Worship-The Act of Making Worth
- Reverend Steve Wilson

- Aug 1
- 3 min read
The root of the word “Worship” could be translated back in time as “worth making.” It got me thinking about Sundays and the absolute privilege of my role with you. “Making-worth” together sounds like a pretty good description of what we do.
I walk into the pulpit every other week with a little fear. Not much, but a little. Some of the fear involves practical matters, like did I get the hymns, or am I missing any announcements. But the real anxiety relates to the quality of the worship. I am always worried, “Will this service take people anywhere?” “Will it touch people enough to warrant them getting dressed and out of bed on a Sunday, and be part of how and why we deserve roughly one morning each weekend?” In particular, I ask myself will it reach those of you that I had in mind as I wrote it?” I want worship to have a bit of that pensive energy for you too.

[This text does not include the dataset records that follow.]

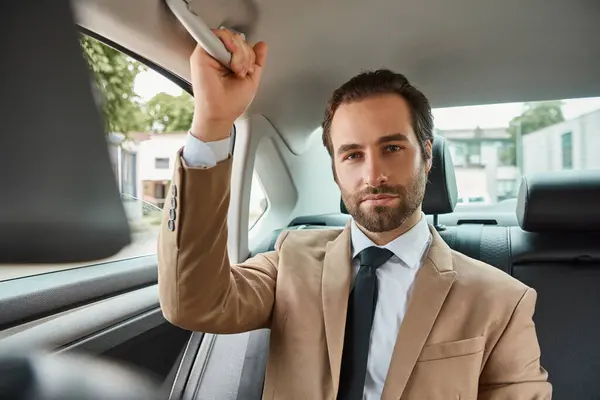 Уверенный и красивый бизнесмен в бежевом элегантном костюме смотрит на камеру в роскошном автомобиле на улице — стоковое фото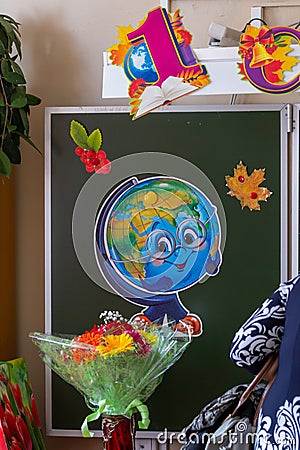 Classroom decorated for September 1st: drawing of a globe on a chalkboard and a bouquet of flowers, blur effect. Editorial Stock Photo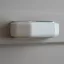 Kunststoff, silber-weißer Möbelgriff, 64 mm Bohrung, 2. Klasse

If there is a prayer here it is that what we do together is always a balance between moments so comfortable that we want to take our shoes off and moments so holy that like Moses, you feel like you need too. You should demand little else. Let’s be purified by a desire to love ourselves for what we are and purified by a momentum of being better than we are.
Ideally, I want the entire church experience to be a balance in one moment between creating so comfortable a sense of being at home with loved ones that you lean back into each other’s shoulders. In the next moment I want it to feel inspiring, and after that the next a jarring challenge. I want you to hold us, and in particular me, but in the deepest sense “us” to high standards. I have faith that it is our relationships to each other, new ideas, and knowing we are called to do our little part to save the world that will give us purpose and heal us.

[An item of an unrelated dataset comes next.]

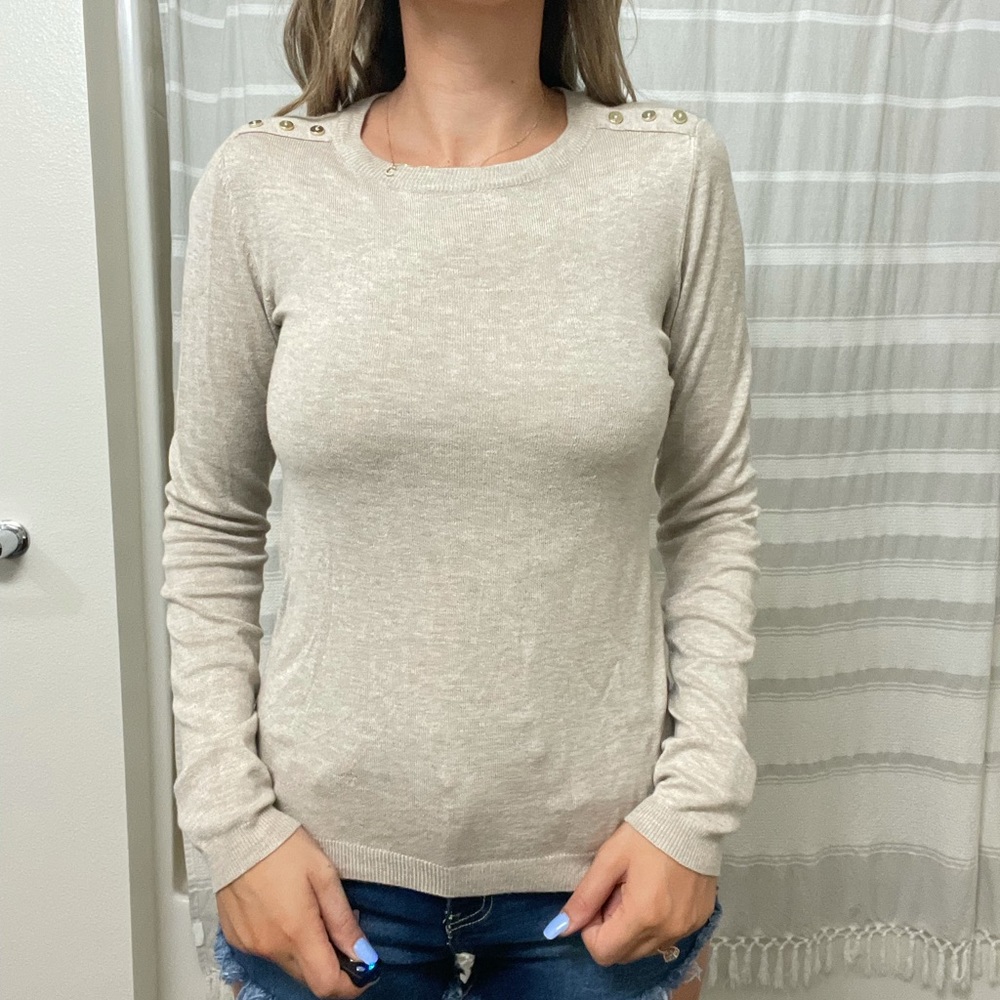 Beige sweater with gold buttons on shoulder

I know that it is kinda flowery. Overall, I think we do Sunday pretty well. I think although sometimes it is almost a bit to informal, we are good at gathering. The inverse of that is our relationship with our finances.

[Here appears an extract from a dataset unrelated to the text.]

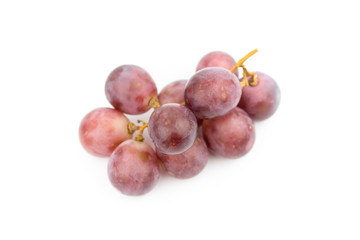 Ripe red grape with leaves isolated on white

What is becoming very, very, clear is that the collective we as a church are not doing so well is having hard and real conversations about the financial state of affairs regarding our community. This is not a blaming act, but a call for all of us to face up to the truth that, unlike climate change, we can’t just stay the course.
In March, following church, nearly every time we meet, let’s talk about our finances. Just like the balance of services needing to be both very comfortable and very challenging, let’s remember that the time for taking off our shoes comfort regarding the stability of this community we all love we feel here is threatened by our distaste to face the very un-theoretical challenge of our finances.
I am hoping that following the Theological Discussions we have scheduled on Saturday March 11th those who wish to engage can help us prepare for another meeting following church on Sunday March 12th that takes even one more step forward.
I want to be very clear; I am speaking as much to me as anyone. I don’t want to be here either, but here we are.
Can we do that? Can we? The time has come for a real conversation not about the birds and the bees but the dollars and cents that will greatly determine our future.
This is the time we promised ourselves we would.